Right now Italy's capital is at its romantic best, bathed in the haunting light of late winter. Share a cone of hot roasted chestnuts from street stalls by the Trevi Fountain (1) and enjoy Rome without the crowds.
For a more earnest reason to visit, a major Caravaggio exhibition has just started at the Scuderie del Quirinale (2) at Via XXIV Maggio 16 (0039 063 996 7500; scuderiequirinale.it). It runs until June 13 and marks the 400th anniversary of the artist's death, with the generous opening hours of 10am-8pm daily and a later opening to 10.30pm on Friday and Saturday; admission €1.
Rome's main airport, Fiumicino, 30km south-east of the centre, is served by Aer Lingus (0818 365 000; aerlingus.com) from Dublin and Cork. An express train leaves every half hour for Termini station (3), taking 30 minutes, for €11 -- but for half that fare the metropolitan stopping train runs every 15 minutes to Valle Aurelia (4) on Rome's red metro line, and every 15 minutes to Ostiense (5) and Tiburtina (6) on the blue metro line.
Rome's budget airport, Ciampino, 15km south of the centre, is served by Ryanair (0818 303030; ryanair.com).

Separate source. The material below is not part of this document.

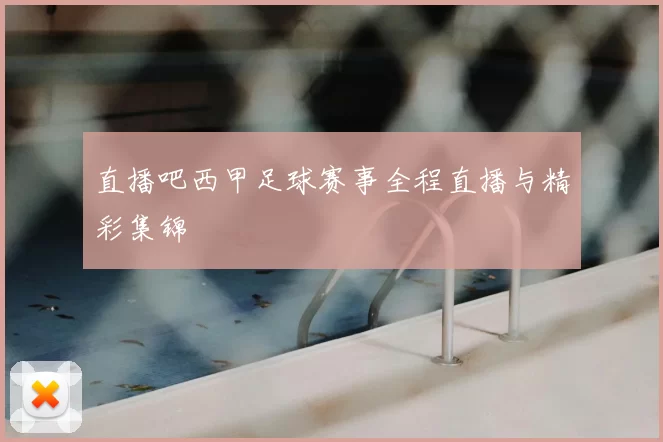 直播吧西甲足球赛事全程直播与精彩集锦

Terravision buses to Termini (3) leave twice an hour, linking with flight arrivals (hourly in late evening and early morning), for €4 each way.
Get your bearings
Both airports have a tourist office (0039 060 608; turismoroma.it), open 9am-6.30pm daily; there is another opposite platform 24 at Termini (3) (8am-8.30pm daily) and at kiosks across town (9.30am-6pm), most notably at Via Minghetti (7) near the Trevi Fountain (1) and at Piazza delle Cinque Lune (8) near Piazza Navona (9).
The heart of modern Rome lies on the left bank of the Tiber and is bisected, north to south, by the main thoroughfare of Via del Corso. While some monuments of Ancient Rome lie within this area, the chief sites are immediately south. Across the river is the city state of the Vatican.
The best way to get around is on foot. Bus and tram services have Byzantine routes but the metro service is straightforward and has a flat fare of €1.
Hotel d'Inghilterra (10) at Via Bocca di Leone 14 (0039 0669 9811; www.royaldemeure.com) was the accommodation of choice for those on the Grand Tour, close to the Spanish Steps (11). It offers 89 rooms, many refurbished with bold colours. Doubles cost from €250, without breakfast.
For a good mid-price option head to Hotel Due Torri (12) at Vicolo del Leonetto 23 (0039 066 876 983; hotelduetorriroma.com), a few minutes' walk north of Piazza Navona (9). Once the residence of cardinals, it now offers 26 comfortable, elegant rooms. Doubles cost from €170, with breakfast.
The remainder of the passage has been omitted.